• _Data for analysis_
┄┄┄┄┄┄┄┄┄┄
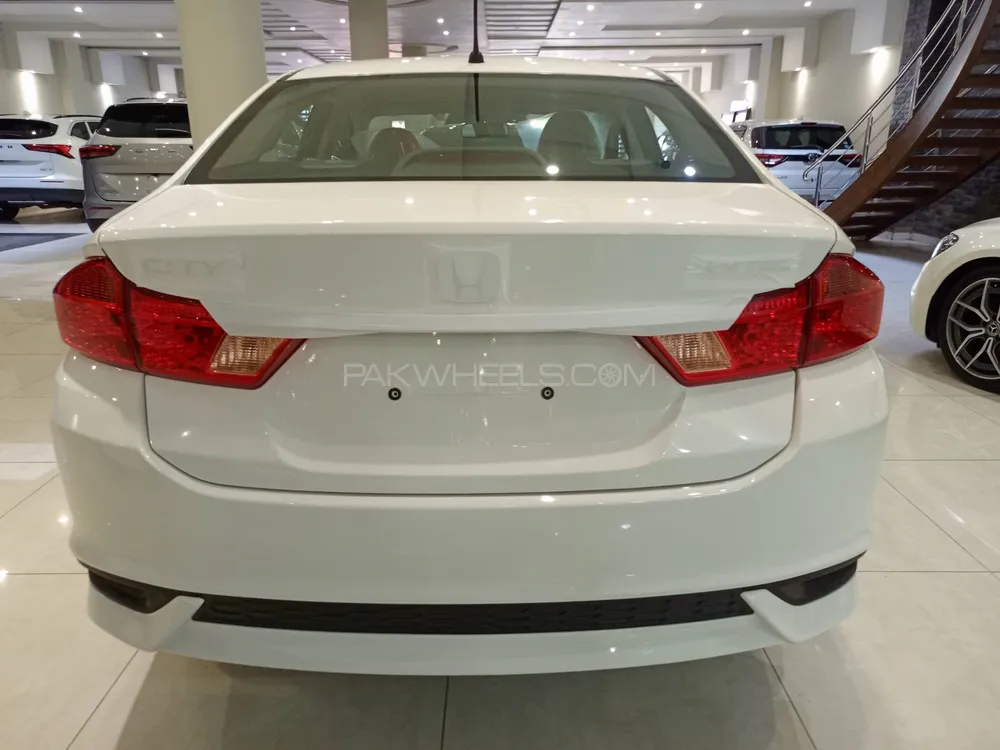Honda City 2025 for Sale in Lahore Honda City 2025 for Sale in Lahore Image-11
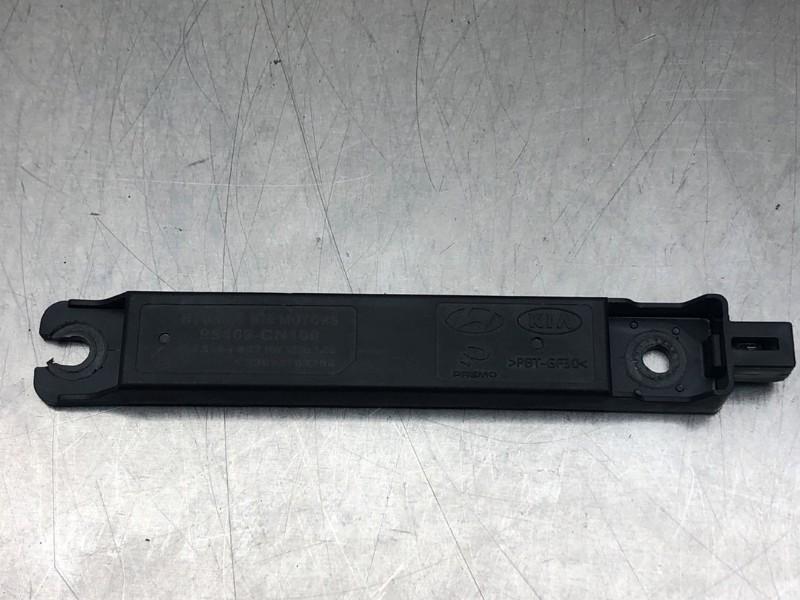 KEYLESS ACCESS ANTENNE Kia Sportage (NQ5) (|95460CN100|), Info@kia.de, Theodor-Heuss-Allee 11
60486  Frankfurt am Main, DE, Kia Deutschland GmbH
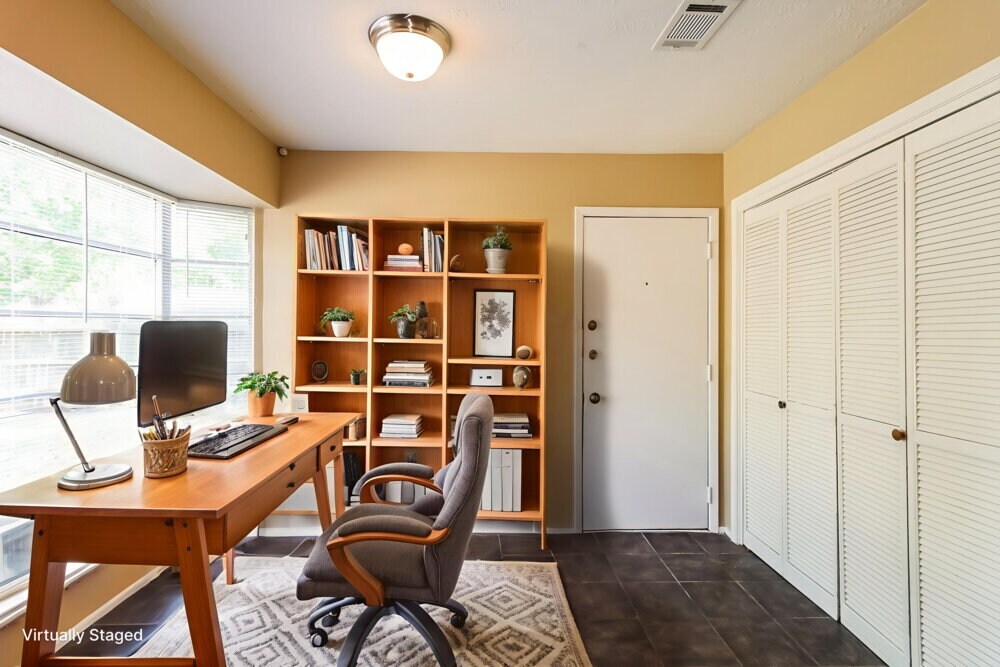 Building Photo - 13427 Boonway Dr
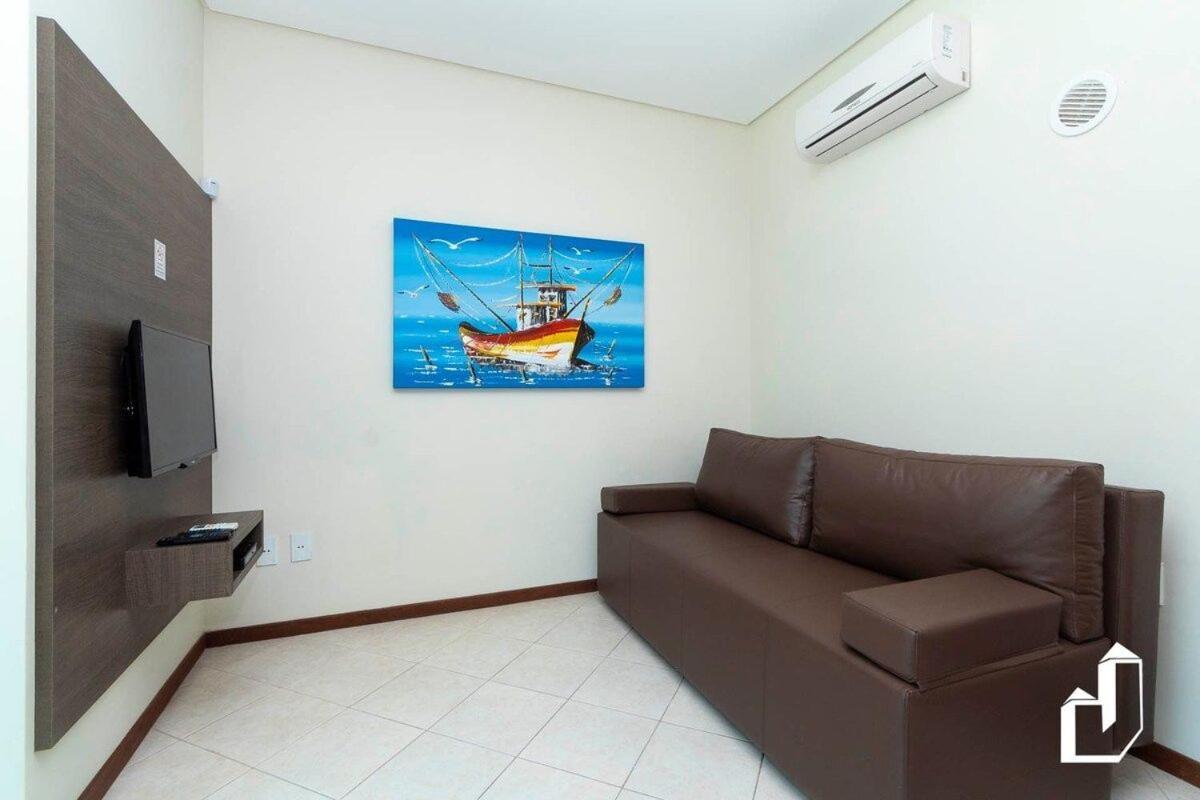 Apartamento Com 02 Dormitorios Aqui E So Trazer As Malas E Aproveitar As Ferias Bombinhas Exterior photo
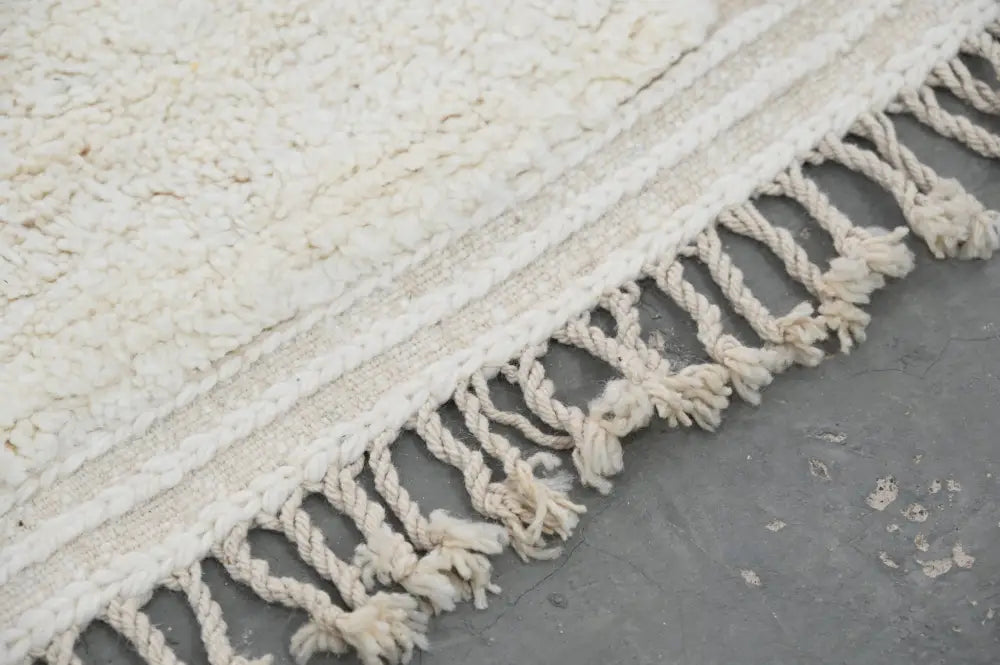 DecorBites™ Moroccan Handmade Traditional Beni Ouarain Rug 300 X 208 Cm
┄┄┄┄┄┄┄┄┄┄
• _What is being asked_
What you return should be the exact lines from the one containing "Building Photo - 13427 Boonway Dr" through the end of the listing above, both included, minus any pictures.

• _Task output_
 Building Photo - 13427 Boonway Dr
 Apartamento Com 02 Dormitorios Aqui E So Trazer As Malas E Aproveitar As Ferias Bombinhas Exterior photo
 DecorBites™ Moroccan Handmade Traditional Beni Ouarain Rug 300 X 208 Cm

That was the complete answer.